Part of the evolution of Penn State in the wake of the Sandusky scandal — whatever that is, whatever it will be — happened the night of Jan. 7, 2012, when Bill O’Brien was named as Paterno’s replacement, the Nittany Lions’ first new football coach in 46 seasons. That night, O’Brien met his team for the first time. Afterward, a senior linebacker came forward to introduce himself. And at that moment, Michael Mauti told the new coach about how the weight room needed to be overhauled. He wondered about the offseason lifting program.

“Who was that kid?” O’Brien asked someone on the way out.

Over the summer, after the NCAA used the Freeh report to ban the Nittany Lions from bowl games for four years and limit their scholarships from 2013 to ’17 — among other crippling sanctions — O’Brien found out. Twenty-two Nittany Lions will exhaust their college eligibility after the Nov. 24 game against Wisconsin. On the morning of July 23, that group of seniors watched NCAA President Mark Emmert announce the penalties against Penn State. Some players threw things against the wall. Nearly all voiced their frustration.

And then they held the program together.

“You look around the squad room, and you’re saying, ‘Well, if he leaves, then he’s going to leave, and it’s going to be a chain reaction,’ ” Mauti said. “So our goal was to eliminate the first domino. We literally had to create a strategy for keeping our team together. We had to recruit our own friends.”

Recruit them, for what? Any of them could have left Penn State with no penalty because the NCAA waived the normal rule that requires transfers to sit out a year before playing again. Coaches from rival schools flooded the players’ phones. Some even arrived in State College and showed up outside players’ dorms. In that should-I-stay-or-should-I-go mayhem, Mauti made phone calls, sent texts and made personal pleas to get players to stay.

In the end, just nine left. Mauti now faces the final two games of his college career not knowing the future, either for himself or the program. But asked if staying, and encouraging others to do so, was worth it, he is steadfast: “Absolutely.”

“We knew it was much bigger than us, ever since last year,” Mauti said. “We knew that we were playing for more than ourselves and our team. It was for our university and our community.”

Tuesday, as afternoon turned to evening, Mauti and his teammates practiced at the center of that community, albeit in isolation. The lights above the practice fields behind the Lasch building glowed bright, yet only coaches and staff saw the work. There, with the outline of the hills in the distance fading into the blackness, the temperature dipped below freezing, the wind picked up, and a coach yelled, “Mauti, you’re back in!”

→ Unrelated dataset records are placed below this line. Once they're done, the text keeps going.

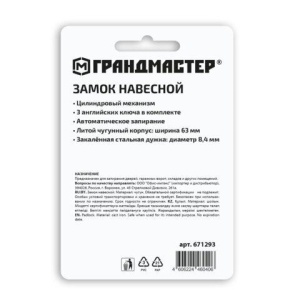 Замок навесной чугунный "Стандарт", ширина 63 мм, английский, 3 ключа, ГРАНДМАСТЕР, 671293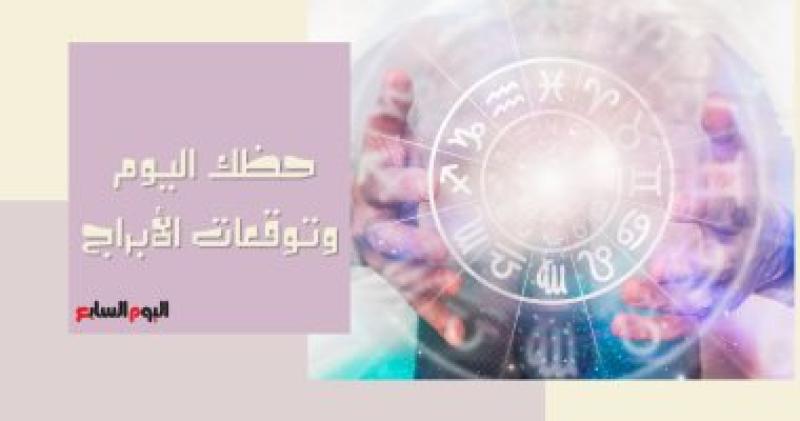 حظك اليوم وتقوعات الأبراج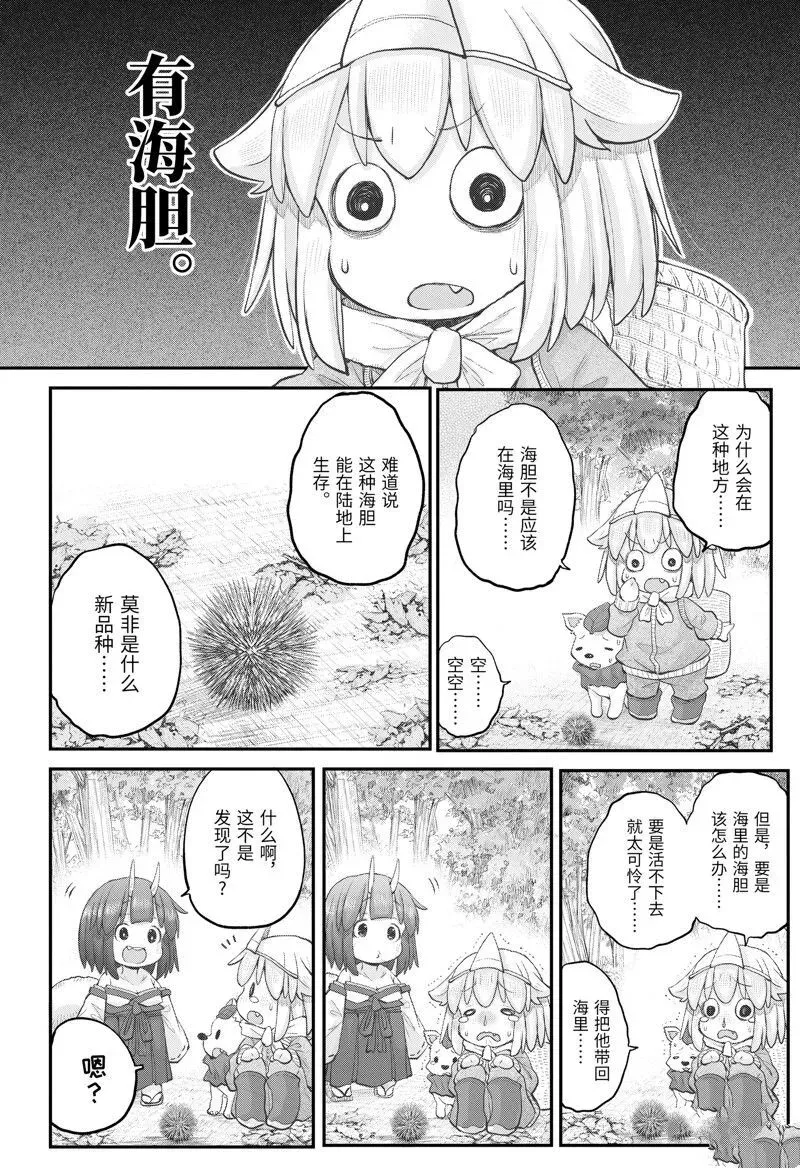 社畜小姐想被幽灵幼女治愈 109 第8页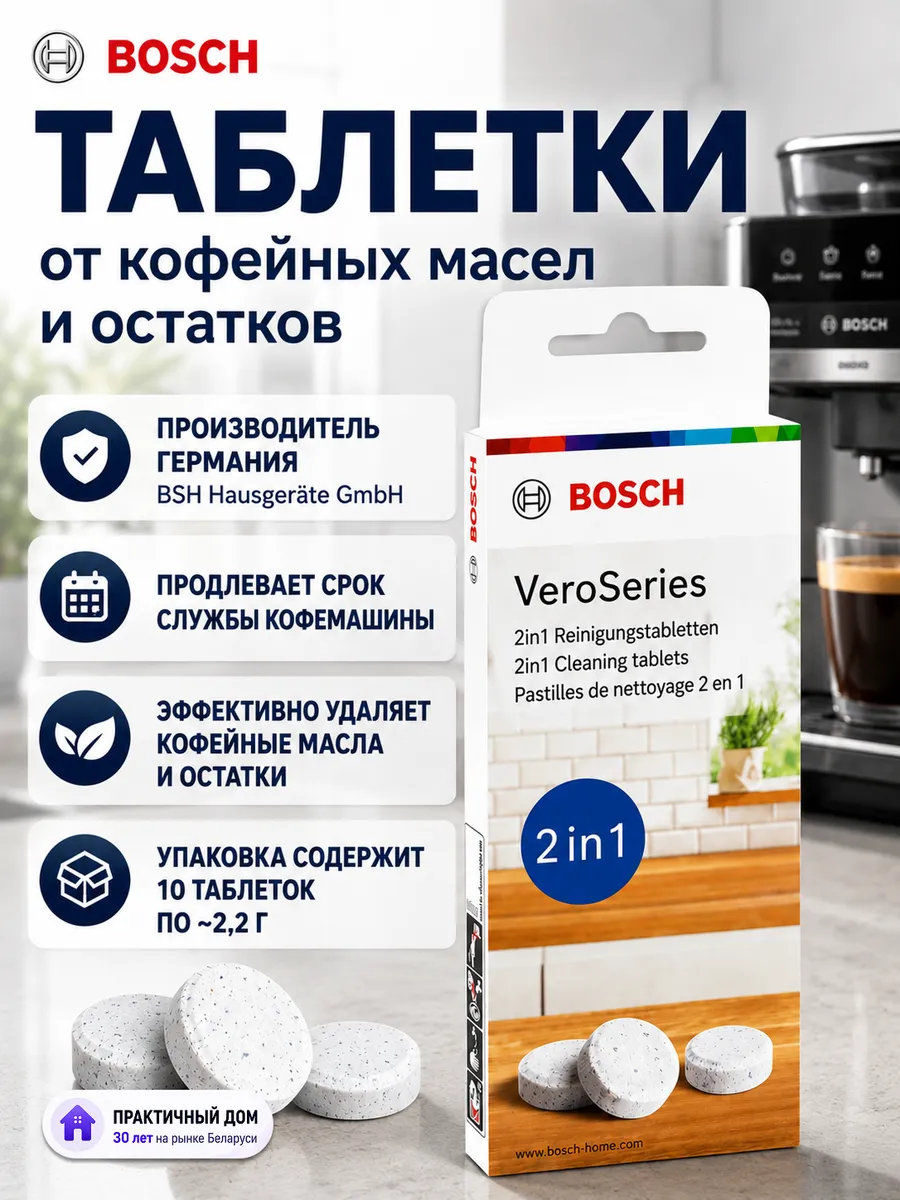 Таблетки для кофемашины от масел Bosch TCZ8001A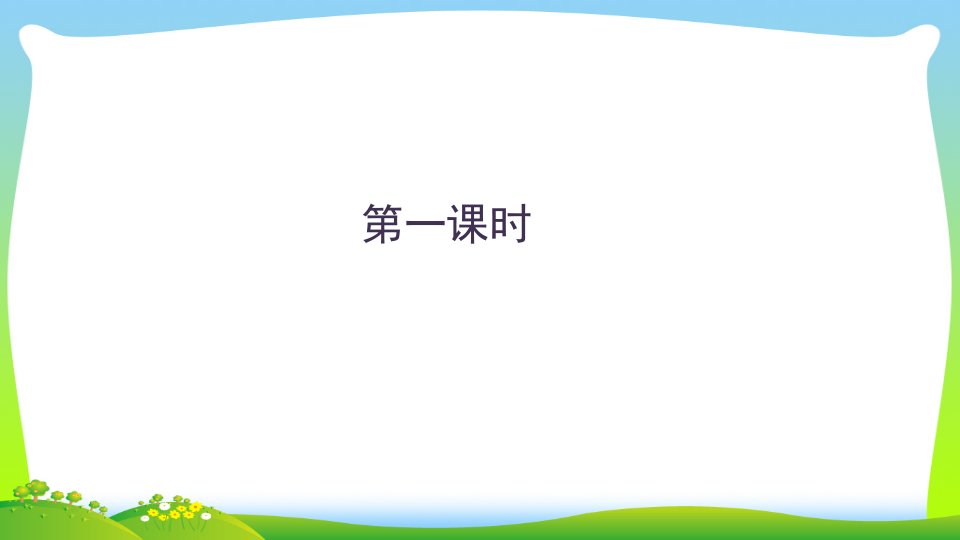 部编版小学道德与法治建立良好的公共秩序ppt课件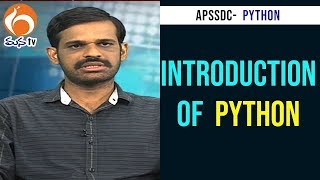 Introduction of Python | Python Training Program | APSSDC | MANA TV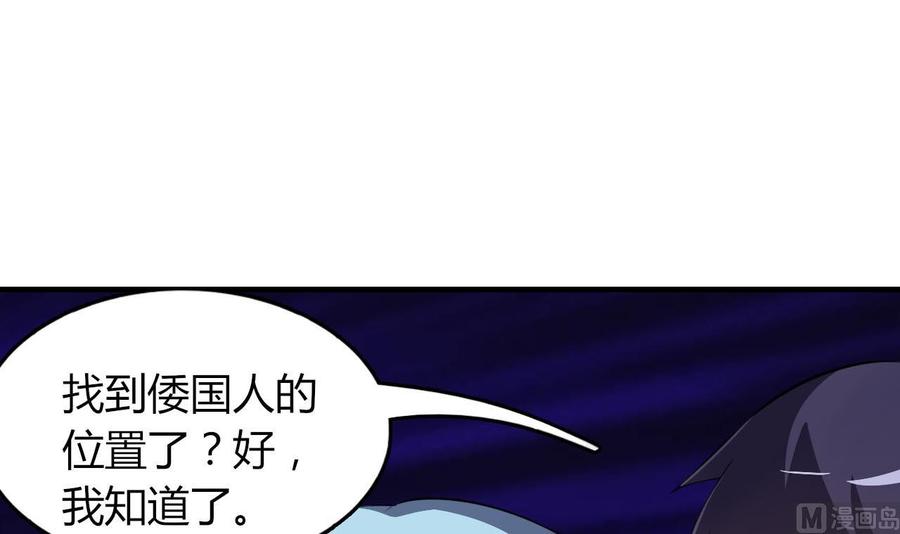 第62话 找到藏身地(1/2)-第63话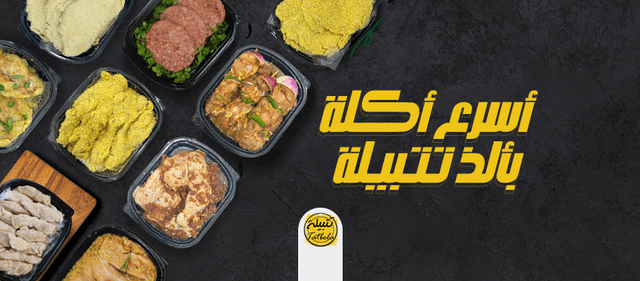 Tatbela - تتبيله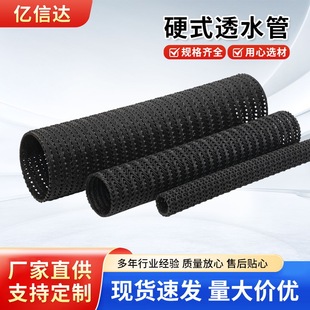 ��·�G���Bˮ��ˮ��HDPE���y�W����ˮä�ܵ���·������Ӳʽ͸ˮ��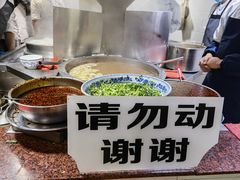 -清真白建强牛肉面(金雁花园店)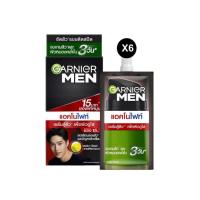 ราคา แพ็ก 6 ซอง Garnier การ์นิเย่ ครีมซอง เซรั่มครีม ฝาหมุน 1กล่อง 6 ซอง การ์นิเย่เมน ควบคุมความมัน ปรับผิวให้กระจ่างใส (22385279184)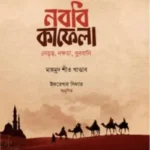 নববি কাফেলা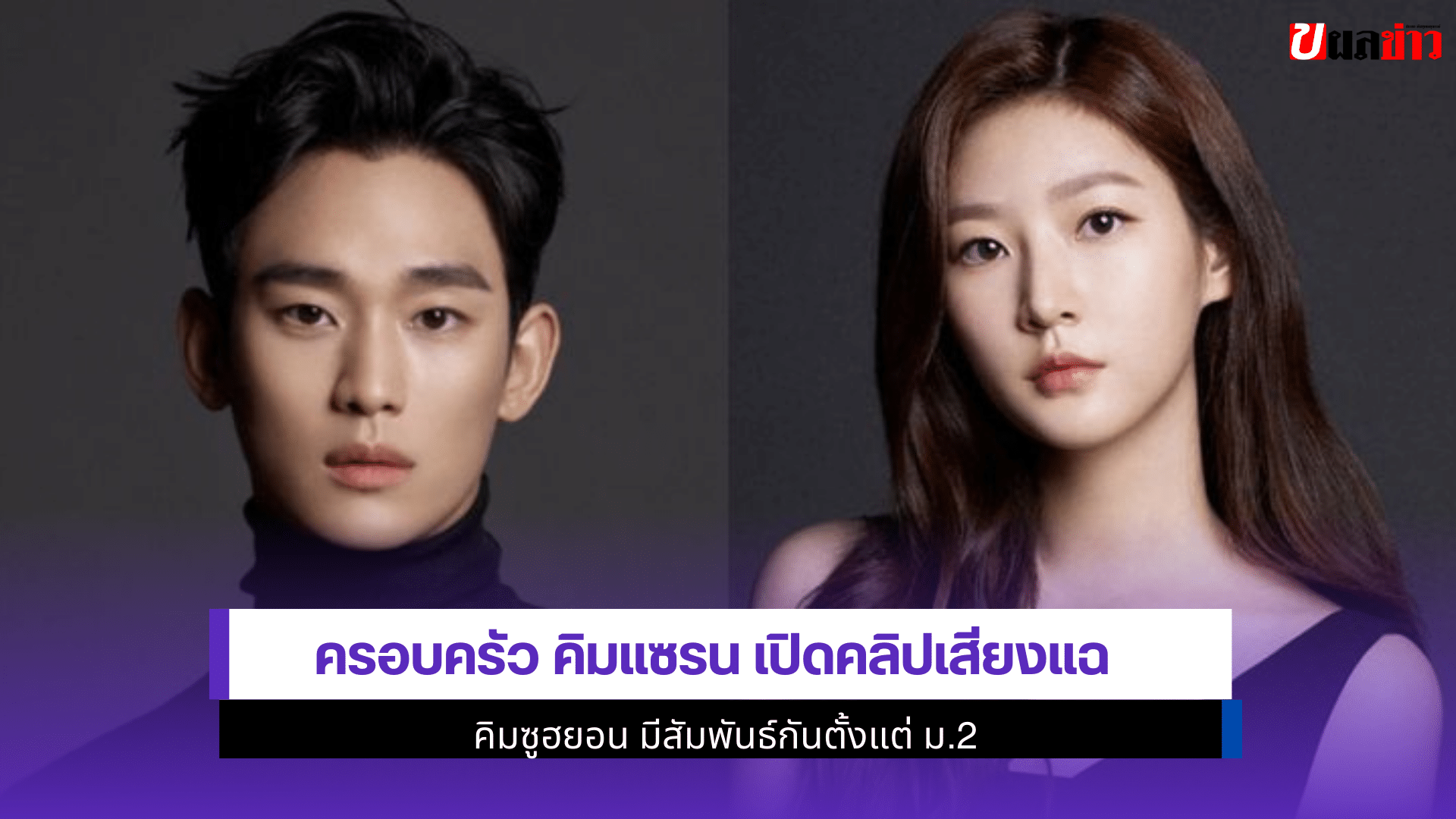 คิมแซรน เปิดคลิป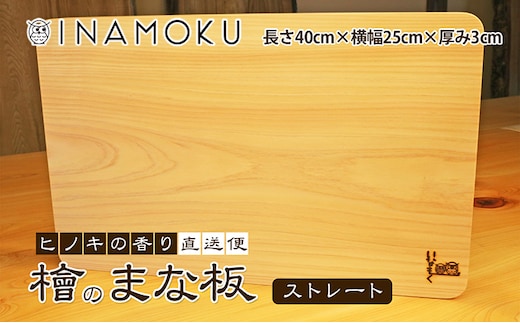 檜のまな板（ストレート） キッチン用品 キッチングッズ ヒノキ一枚板 シンプル ヒノキの香り 撥水効果 丸角 厚み 刃当たりが良い 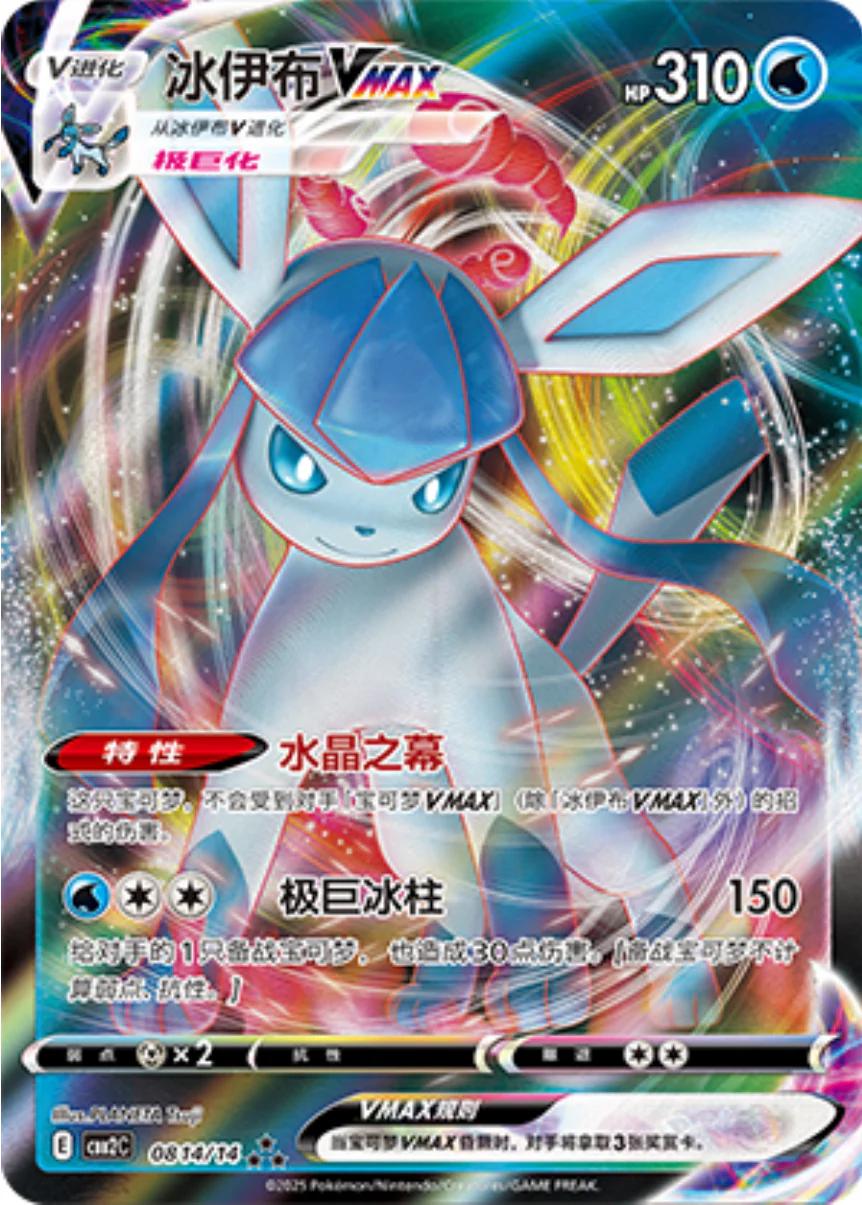 Glaceon VMAX #814 (Pokemon Chinese Gem Pack 2)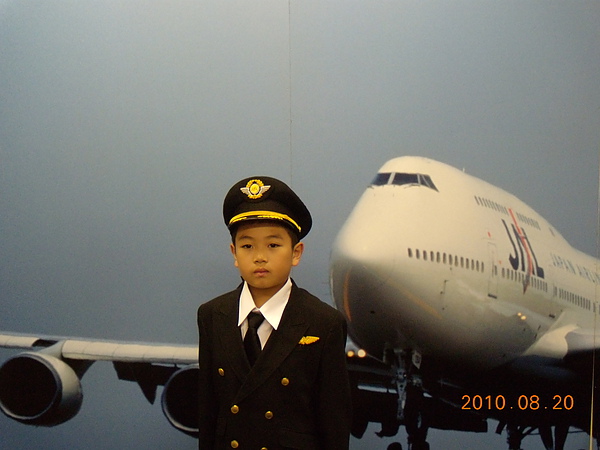 20100820-011.JPG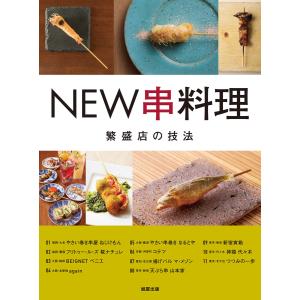 NEW串リョウリ繁盛店の技法 電子書籍版 / 著:旭屋出版編集部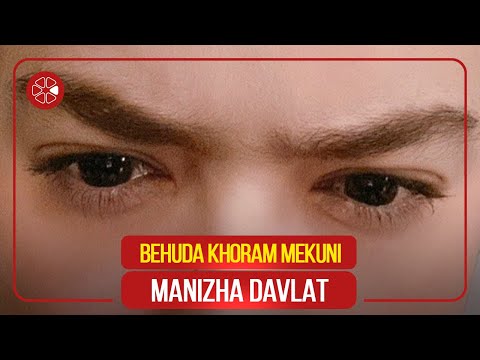 Видео: Манижа Давлат - Бехуда хорам мекуни / Manizha Davlat - Behuda Khoram Mekuni (Audio)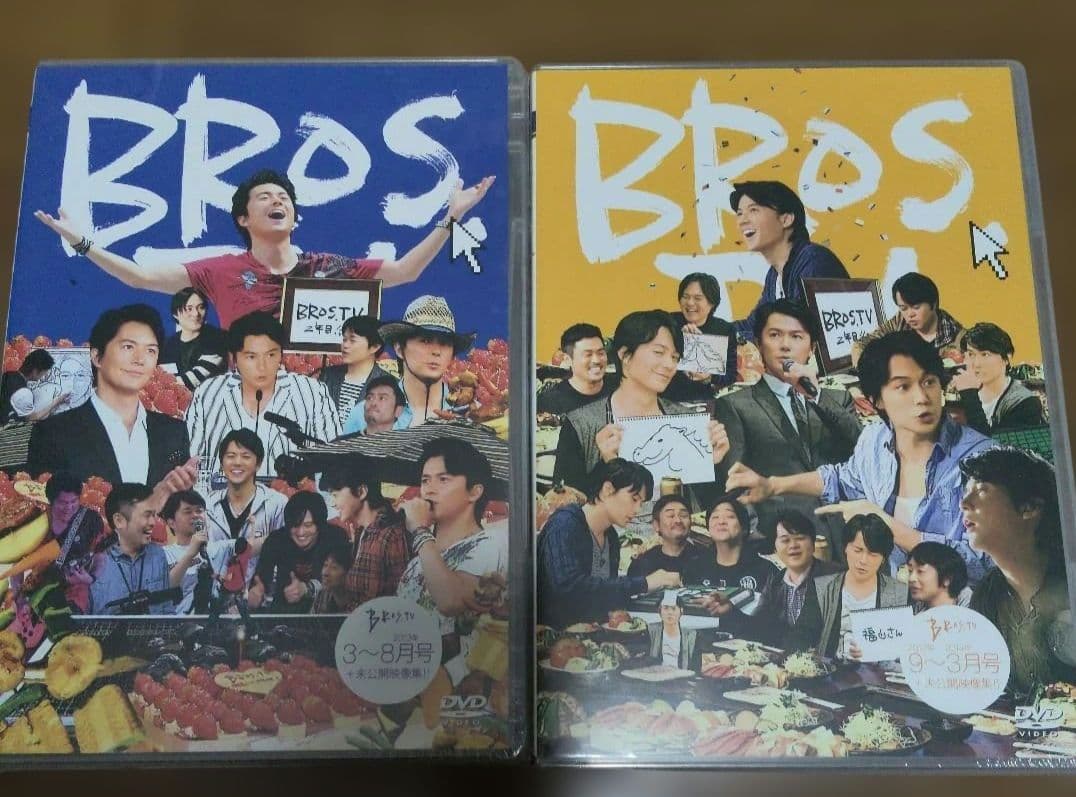 福山雅治 BROS.TV DVD 2 セット 2013〜2014 - メルカリ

Michael Mauti ran from the sideline, strapped his helmet back on, and took his spot at linebacker. When the ball was snapped, he burst to fill a hole and laid his shoulder into a teammate, the latest bit of work in a career filled with it.

What the 2012 Penn State football season means is open to individual interpretation. When Michael Mauti considered the question that day, he took a moment to look around the squad room in which he had tried to keep his team together. Then he put his right palm on his chest and said, “Respect.”